*** Data for the task Section Begins ***
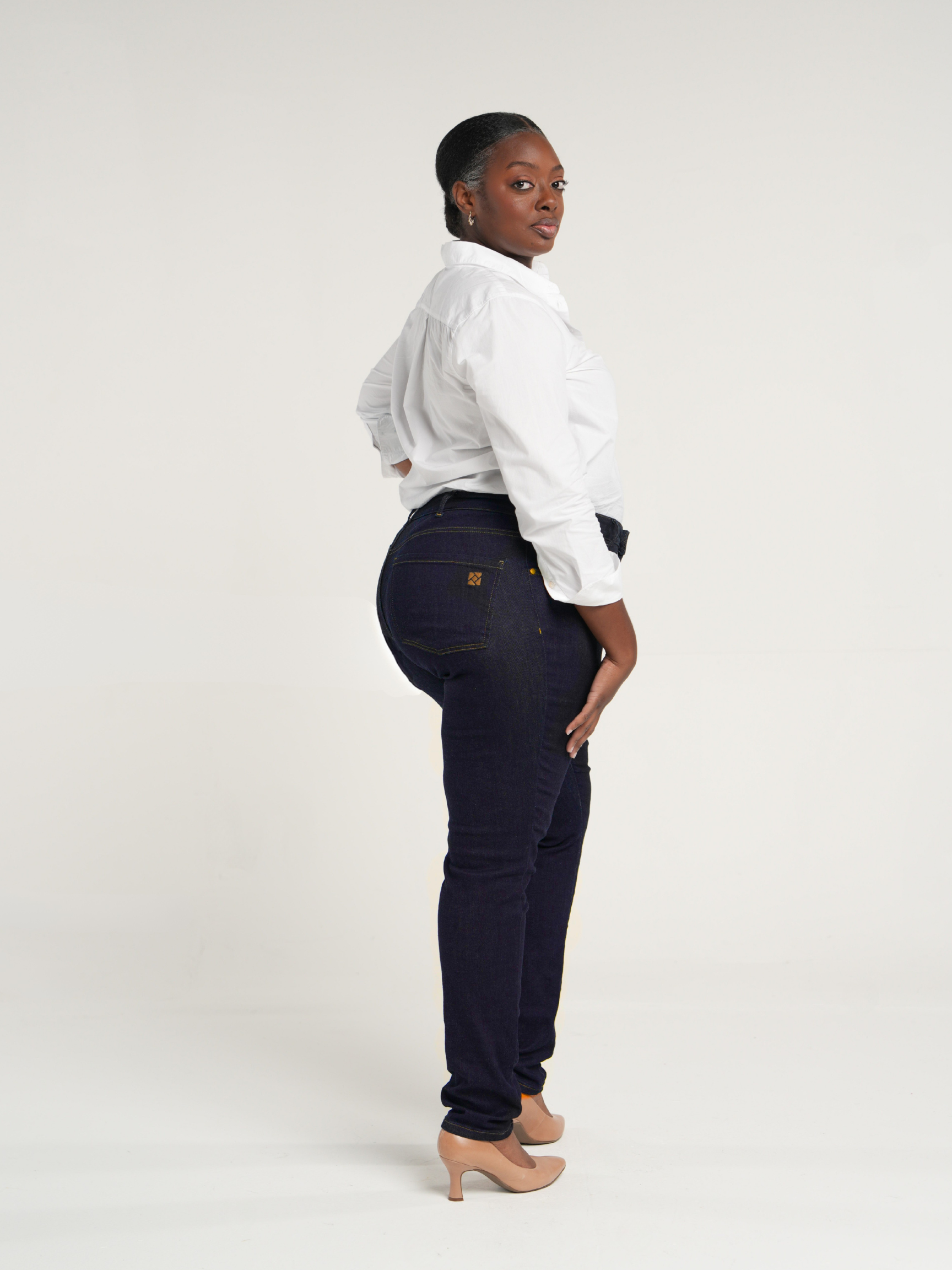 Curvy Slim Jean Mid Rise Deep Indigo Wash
*** Data for the task Section Ends ***
*** Data for the task Section Begins ***
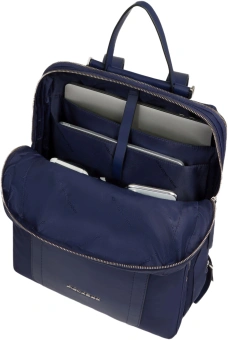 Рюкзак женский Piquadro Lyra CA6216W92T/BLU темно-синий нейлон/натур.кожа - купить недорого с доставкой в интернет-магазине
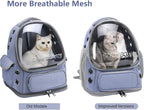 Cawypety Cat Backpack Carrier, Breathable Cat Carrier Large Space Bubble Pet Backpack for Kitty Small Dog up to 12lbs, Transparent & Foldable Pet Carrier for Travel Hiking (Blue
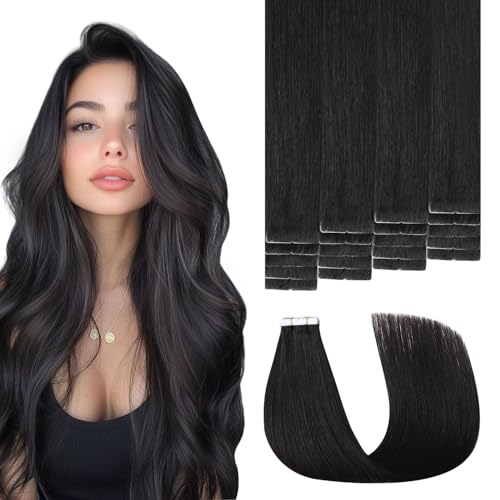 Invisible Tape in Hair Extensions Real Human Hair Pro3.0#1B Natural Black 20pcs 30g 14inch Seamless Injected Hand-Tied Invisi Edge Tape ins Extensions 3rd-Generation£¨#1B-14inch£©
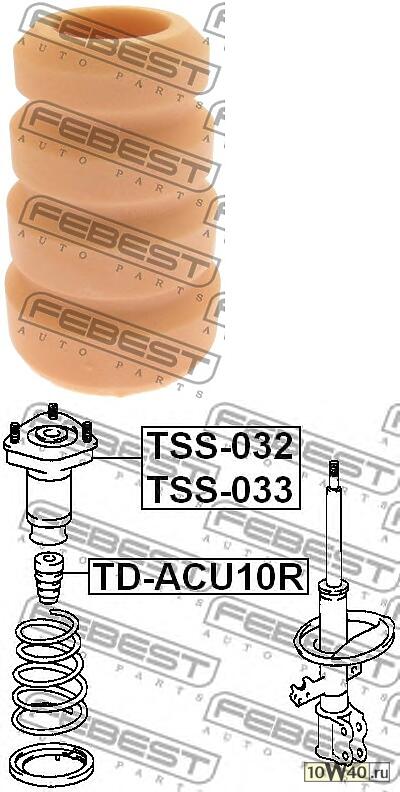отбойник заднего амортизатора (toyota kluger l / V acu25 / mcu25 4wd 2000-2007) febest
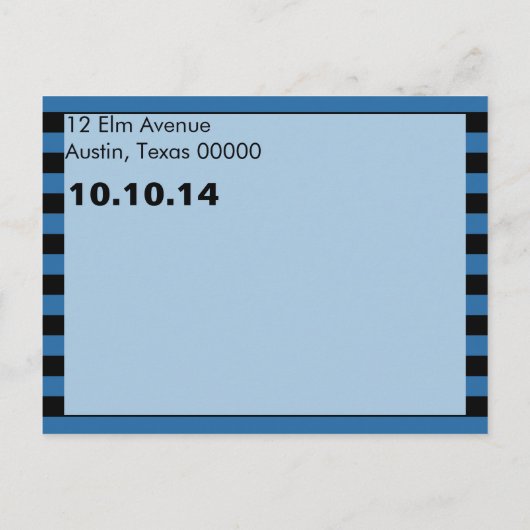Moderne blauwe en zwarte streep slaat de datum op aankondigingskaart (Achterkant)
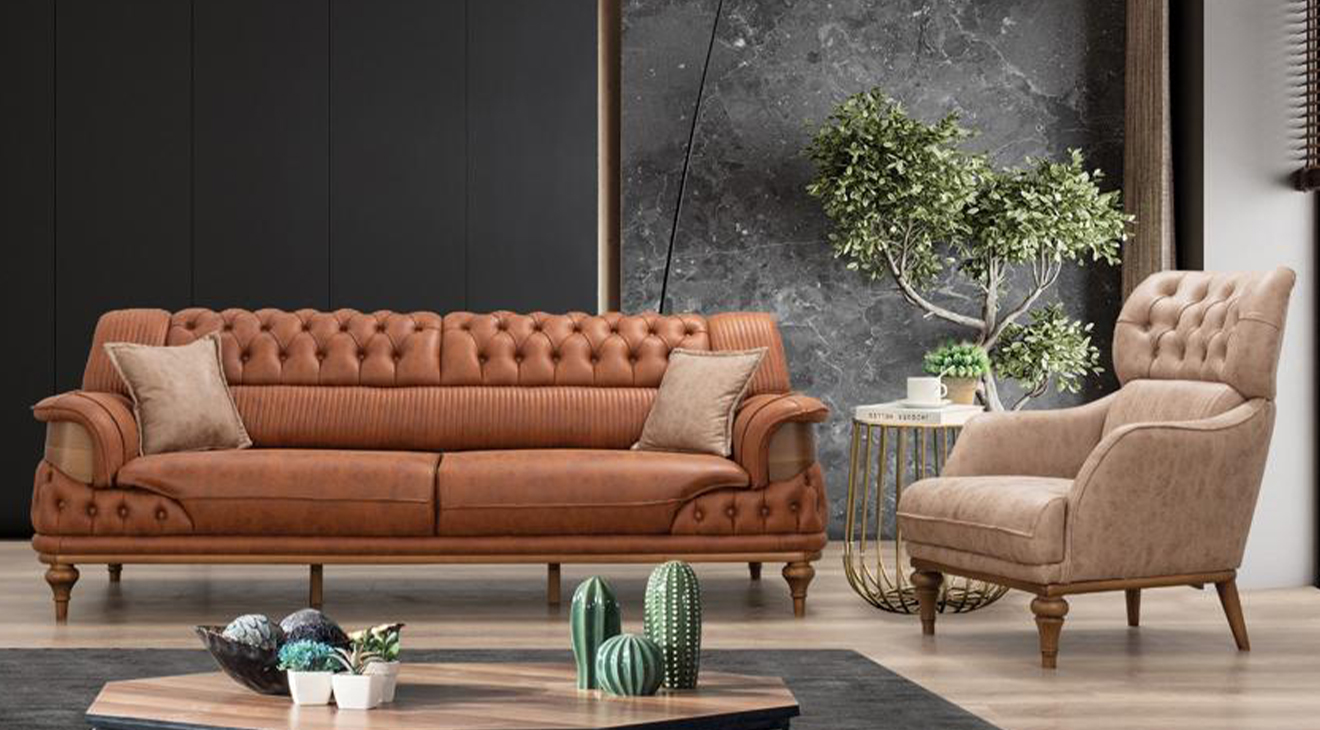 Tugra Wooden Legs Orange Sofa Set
*** Data for the task Section Ends ***
Word for word, repeat the lines above from the one with "Рюкзак женский Piquadro" through the one with "Tugra Wooden Legs Orange Sofa Set", and nothing beyond them. Omit the pictures.

 Рюкзак женский Piquadro Lyra CA6216W92T/BLU темно-синий нейлон/натур.кожа - купить недорого с доставкой в интернет-магазине
 Cawypety Cat Backpack Carrier, Breathable Cat Carrier Large Space Bubble Pet Backpack for Kitty Small Dog up to 12lbs, Transparent & Foldable Pet Carrier for Travel Hiking (Blue
 Invisible Tape in Hair Extensions Real Human Hair Pro3.0#1B Natural Black 20pcs 30g 14inch Seamless Injected Hand-Tied Invisi Edge Tape ins Extensions 3rd-Generation£¨#1B-14inch£©
отбойник заднего амортизатора (toyota kluger l / V acu25 / mcu25 4wd 2000-2007) febest
Moderne blauwe en zwarte streep slaat de datum op aankondigingskaart (Achterkant)
 Tugra Wooden Legs Orange Sofa Set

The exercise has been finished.